2.6 Wavelet analysis
“Morlet wavelet” by Wang et al. (2014) and Zhang et al. (2015) was used to conduct periodicity analysis on the annual and seasonal ETref variations. Continuous wavelet analysis (CWA) has localized in terms of time and frequency domains compared to moving filter analysis and Fourier analysis. It can be used to assess locations on time series dataset. For certain \(\varphi(t)\), the wavelet transforms, wavelet coefficient and wavelet variance of meteorological time series dataset \(\ \ \ f(k.t)\) (k =1, 2, ……, N, which denotes the time series data) were defined as the following Eqs. (9-11):
\(w_{f}\left(a,b\right)=\ \left|a\right|^{-1/2}t\sum_{k=1}^{n}{f(k.t)\varphi(\frac{k.t-b)}{\alpha}}\)……………………………………..(9)
\(w_{f}\left(a,b\right)=\ \left|a\right|^{-1/2}t\sum_{k=1}^{n}{f\left(k\right).e^{\text{ict}}}.e^{-t2/2}\)…………………………… ………(10)
\(Var(a)=\ \int_{\infty}^{+\infty}{\left|w_{f}(a,b)\right|^{2}\text{db}}\)……………………………………………. ………(11)
Where, a=scale factor representing the cycle length (periodicity), b= time factor representing the time location), Wf (a, b) = the transformation coefficient, Var(a)= the variance of continuous wavelet analysis c = the constant value
The transformation coefficient of CWA can be attained by Wf (a, b). The information about strength and phase of scale signals at various time period could be represented by the bar. Negative value (anti-phase) presents higher period whereas positive value (in-phase) denotes lower period. If Wf (a, b) = 0, it equals to the breakpoint. The variation rises significantly with the increasing of Wf (a, b).

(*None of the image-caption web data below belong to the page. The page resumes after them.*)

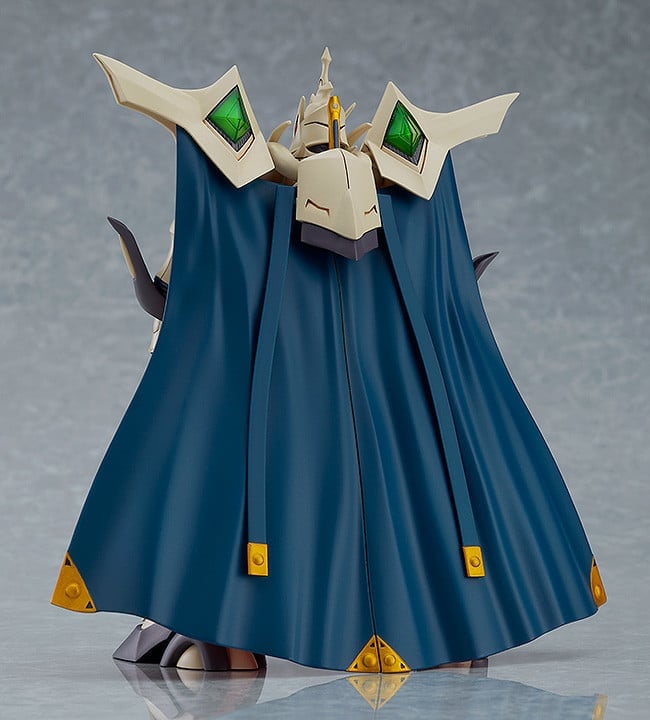 The Vision of Escaflowne Moderoid Escaflowne Model Kit (2nd Reissue) Gallery Image 8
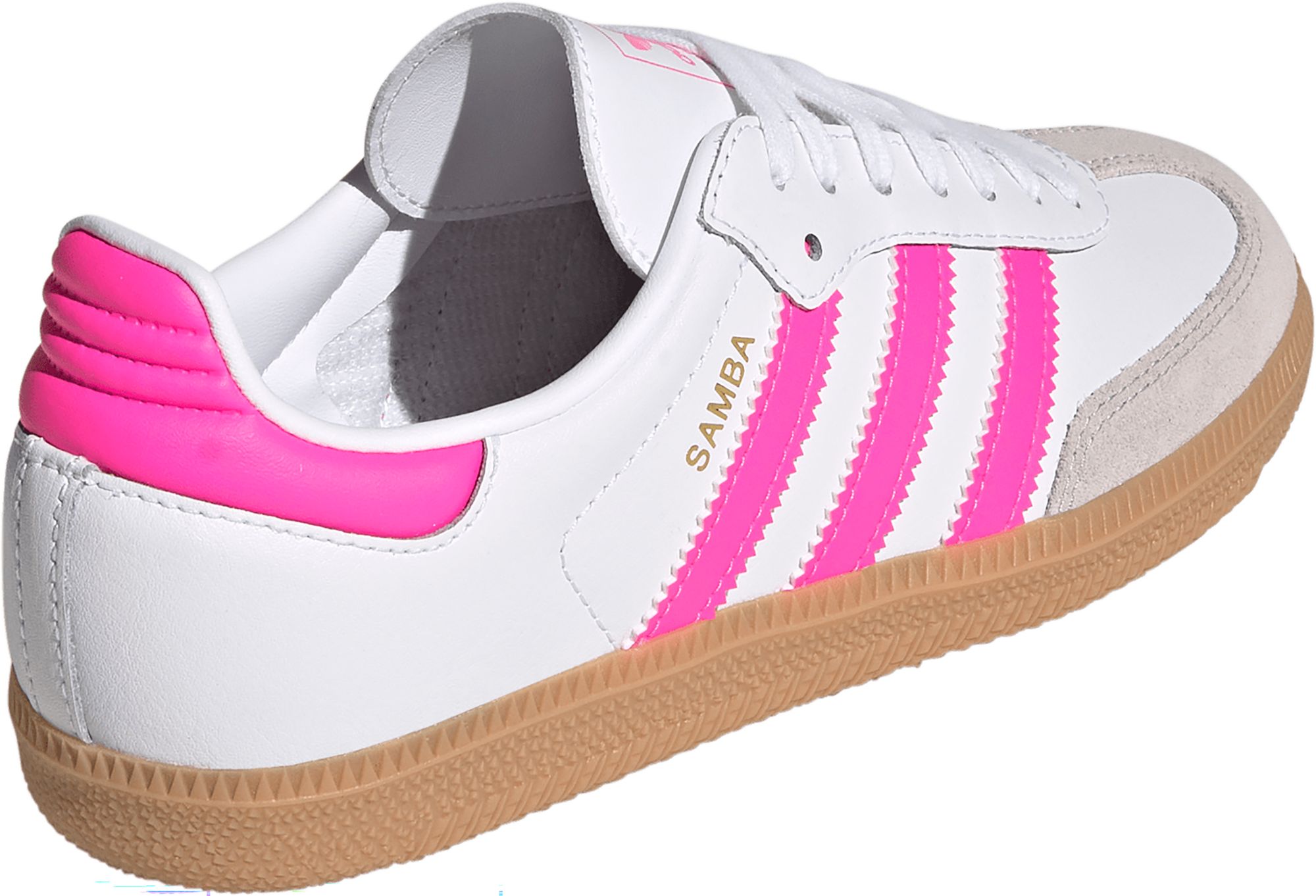 adidas Kids' Grade School Samba OG Shoes product image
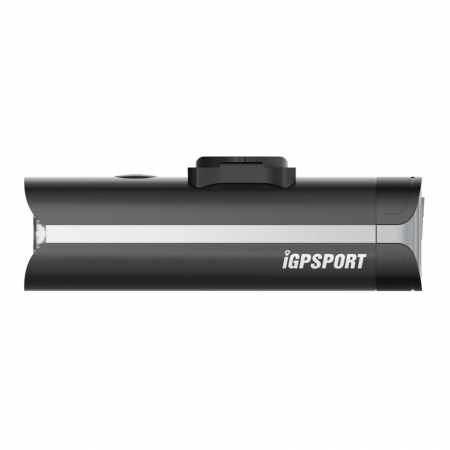 Lumina fata iGPSPORT Smart Front Light VS1200 cu prindere M82 1200 lumeni, negru [3]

After “Morlet wavelet” for CWA, then, we employed wavelet transform coherence (WTC) to check the co-relationships of meteorological parameters that influence the variation in annual ETref (Rahman and Islam 2019; Uddin et al. 2020). WTC quantifies the covariance magnitude between two time-series which varies from 0 to 1 (\(0\leq R^{2}\leq 1)\). 0 refers to no coherence at all whereas 1 refers to perfect coherence. WTC is employed to analyze the co-relationship between two parameters. The calculated Eq. (12) for WTC is outlined as follows:
\(R^{2}\left(m,n\right)=\frac{\left|S(s^{-1}W_{\text{xy}}(s)\right|^{2}}{S(s^{-1}\left|W_{x}\left(s\right)\right|^{2\ }.\ \ S(s^{-1}\left|W_{y}(s)\right|^{2}}\)………………………………. (12)
where \(x\) and \(y\) are two time series with their respective wavelet transforms \(W_{x}(s)\) and \(W_{y}(s)\). Monte-Carlo (MC) simulation is applied for statistical significance in this study.